But I couldn’t dwell upon it. I couldn’t accept it as inevitable. I just had to SEE it. I had to KNOW it…and then go back to that comfortable middle ground, that safe place of emotional neutrality. I had to just sit and wait it out.

And I’m still waiting.

But now the waiting is coming to an end. SOMETHING of an end. On Tuesday I will have another infusion, another poison flooding…the 10th of 12. Double digits. And so close to the end. Or…AN end. An end of the SCHEDULED treatments. But here’s the catch, that may not be the end of my infusions at all. My body is handling the treatments so well, despite a noticeable, but still slow digression of abilities, and so the potential is that there may be more. But they won’t last forever.

Still…I’m coming to some sort of an end to these treatments, and it has become much more difficult to stay in that safe, grounded spot of emotional neutrality. Suddenly, despite my weakening state, I’m imagining a future. I’m imagining an extended moment of relief from all these debilitating side effects, these painful feet, cracking fingers, sensitivity to cold, numbed appetite, feelings of overwhelming grossness, and so on. And I’m oddly allowing myself to embrace that future, that HOPEFUL future…because…well…I need to. I’ve faced down the darkness already, and I’ve remained stable and protected in this space, but I need more. I don’t work well in this middle ground. I need more intensity….more fire. And so I’ve begun imagining that precarious future.

Granted, I don’t know what the future holds still. It remains unwritten and will for quite some time I believe, but that doesn’t mean I can’t imagine a moment of relief from all this dying and hopefully engage with the life I once had, the life I so desperately want to retrieve out of this darkness.

And so now I’m imagining that moment of relief, whether that is before the coming surgery, the continued killing of more cancer, or the period where we raise the white flag and say, “well, we did our best.” The ultimate outcome doesn’t matter just yet…what really matters is having a period of relief where I can live my life again, of which I can imagine in this moment.
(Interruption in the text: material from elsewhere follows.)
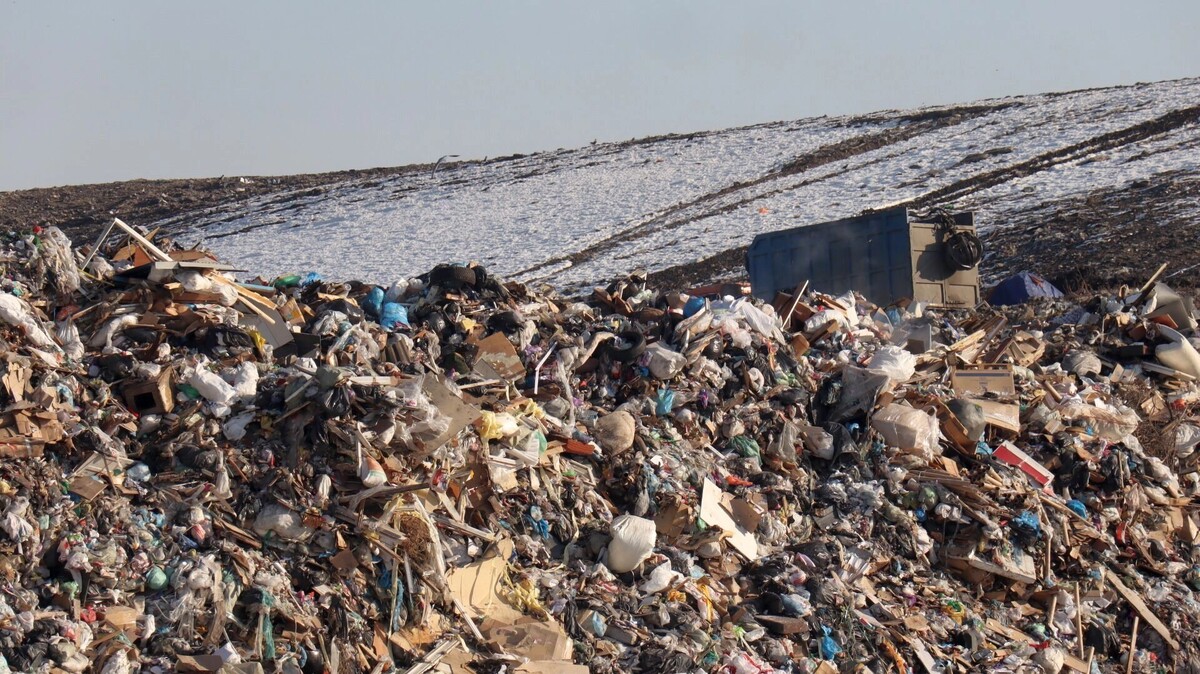    Действующий Гусинобродский полигон давно переполнен   Артем Шершнев / atas.info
That is what I’m doing right now. Accepting a future.

My profile photo on Instagram is of the character Jonny from The Breakfast Club, in the very last still of the movie where he walks across the field in a moment of triumph and episodic intensity. Something about that moment…something about that moment struck me deep. It’s infused with such a tempered honesty, a breaking free from a moment of struggle to come out victorious on the other side..and that’s what I want. That’s what I imagine my future will be like. A worn, tired, but ultimately victorious moment. That’s what I pretend anyways…at this moment. That’s what I want.

But it’s not just that emotional moment. They are specific experiences I imagine. I told one directly to my coach at our end of the year dinner last night.

“I have this image in my head…that gets me through the day…I think about saying to you, ‘Ok. This is it. Let’s start at mile one. Let’s start from the beginning and work our way back up.'”

I want that experience to be made real, so badly.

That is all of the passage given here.